▶ [Exercise instructions]:
From the material below, return exactly the lines starting at the one that holds "5 bedrooms House" and ending at the one that holds "Yer: Aydın! İki". Pictures stay out of the answer.

▶ [Records to use]:

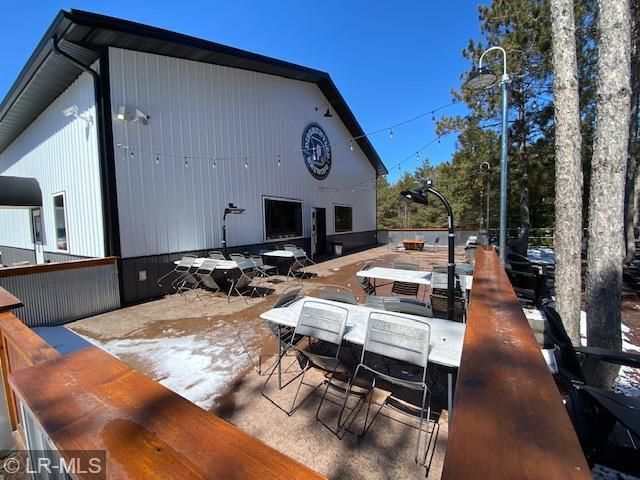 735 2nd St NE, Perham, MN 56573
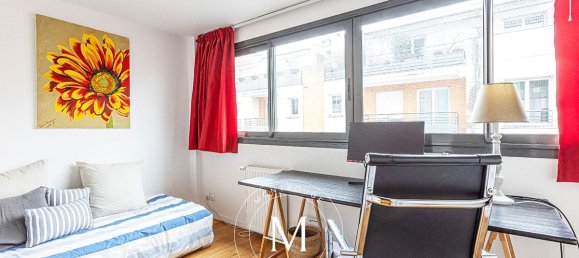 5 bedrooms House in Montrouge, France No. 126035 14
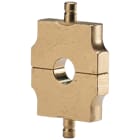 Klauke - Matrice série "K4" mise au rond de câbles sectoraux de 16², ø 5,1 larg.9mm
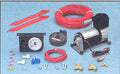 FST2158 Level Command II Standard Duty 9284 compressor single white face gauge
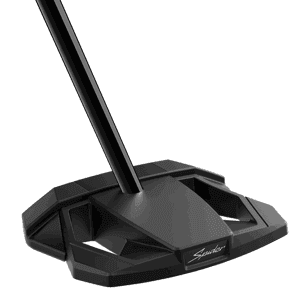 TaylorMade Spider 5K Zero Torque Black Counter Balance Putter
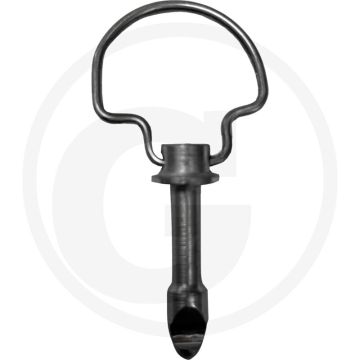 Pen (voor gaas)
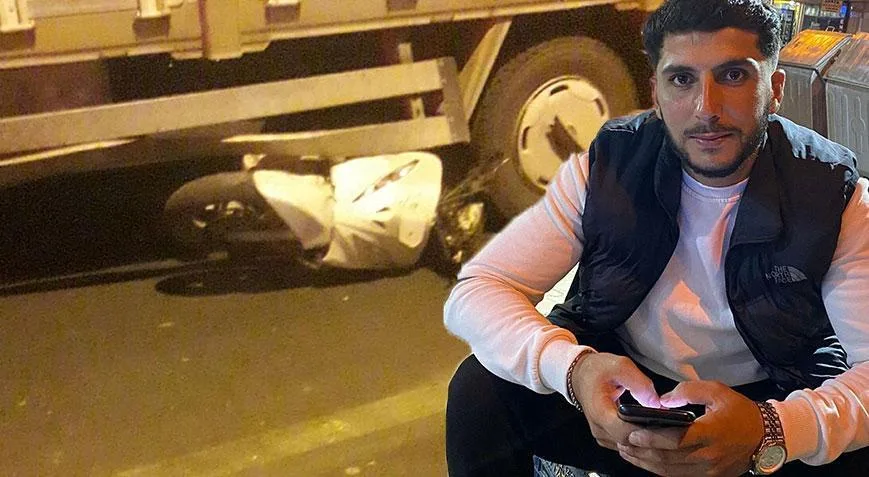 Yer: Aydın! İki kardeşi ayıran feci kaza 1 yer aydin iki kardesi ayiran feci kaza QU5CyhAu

==

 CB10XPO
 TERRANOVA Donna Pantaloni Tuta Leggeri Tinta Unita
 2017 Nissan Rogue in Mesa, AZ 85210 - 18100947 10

--

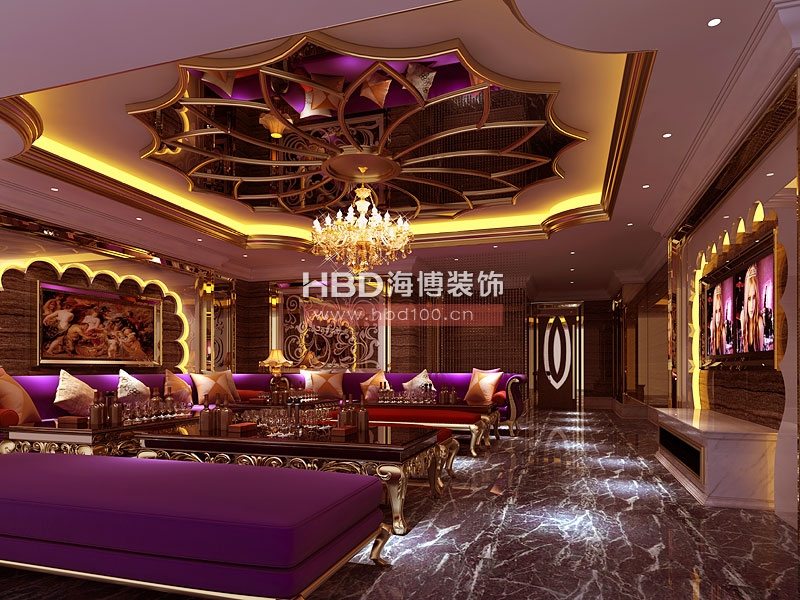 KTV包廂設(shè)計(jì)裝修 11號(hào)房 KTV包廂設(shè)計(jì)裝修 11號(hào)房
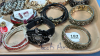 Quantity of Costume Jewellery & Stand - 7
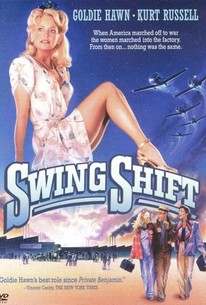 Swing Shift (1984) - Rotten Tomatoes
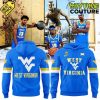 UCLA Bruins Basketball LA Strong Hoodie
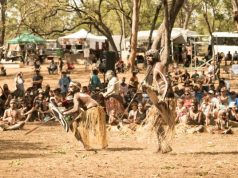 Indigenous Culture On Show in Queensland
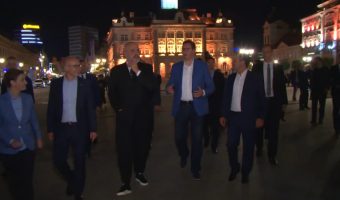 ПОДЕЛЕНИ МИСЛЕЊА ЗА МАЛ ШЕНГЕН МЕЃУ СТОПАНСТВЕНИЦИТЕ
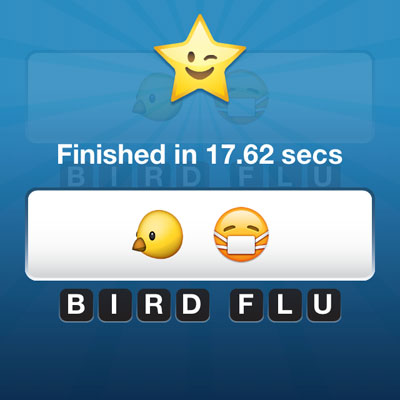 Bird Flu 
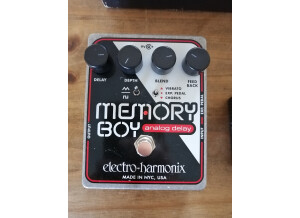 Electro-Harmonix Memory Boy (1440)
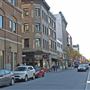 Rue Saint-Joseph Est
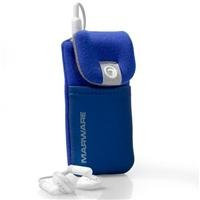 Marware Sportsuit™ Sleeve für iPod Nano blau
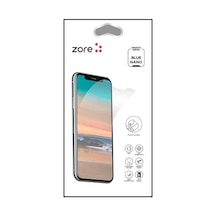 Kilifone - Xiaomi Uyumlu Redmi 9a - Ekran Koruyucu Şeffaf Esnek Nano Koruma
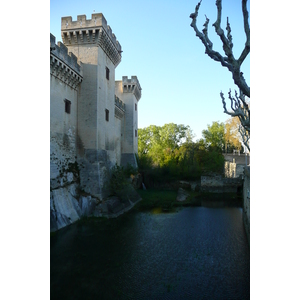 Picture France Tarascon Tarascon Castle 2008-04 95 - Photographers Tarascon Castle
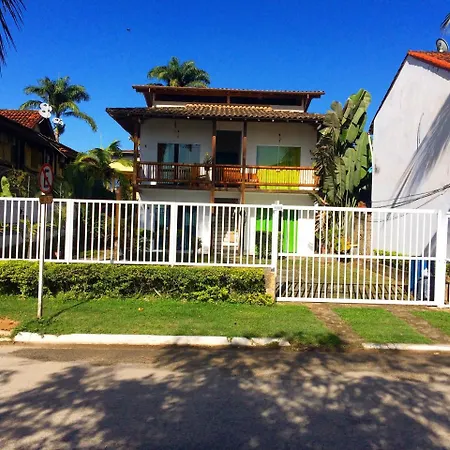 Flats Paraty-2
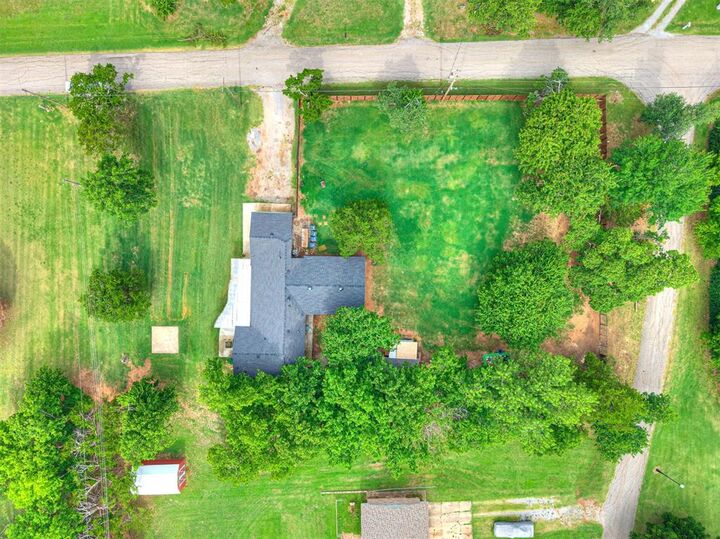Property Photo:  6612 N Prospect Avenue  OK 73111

▶ [The completed task]:
 5 bedrooms House in Montrouge, France No. 126035 14
 Klauke - Matrice série "K4" mise au rond de câbles sectoraux de 16², ø 5,1 larg.9mm
 FST2158 Level Command II Standard Duty 9284 compressor single white face gauge
 TaylorMade Spider 5K Zero Torque Black Counter Balance Putter
 Pen (voor gaas)
 Yer: Aydın! İki kardeşi ayıran feci kaza 1 yer aydin iki kardesi ayiran feci kaza QU5CyhAu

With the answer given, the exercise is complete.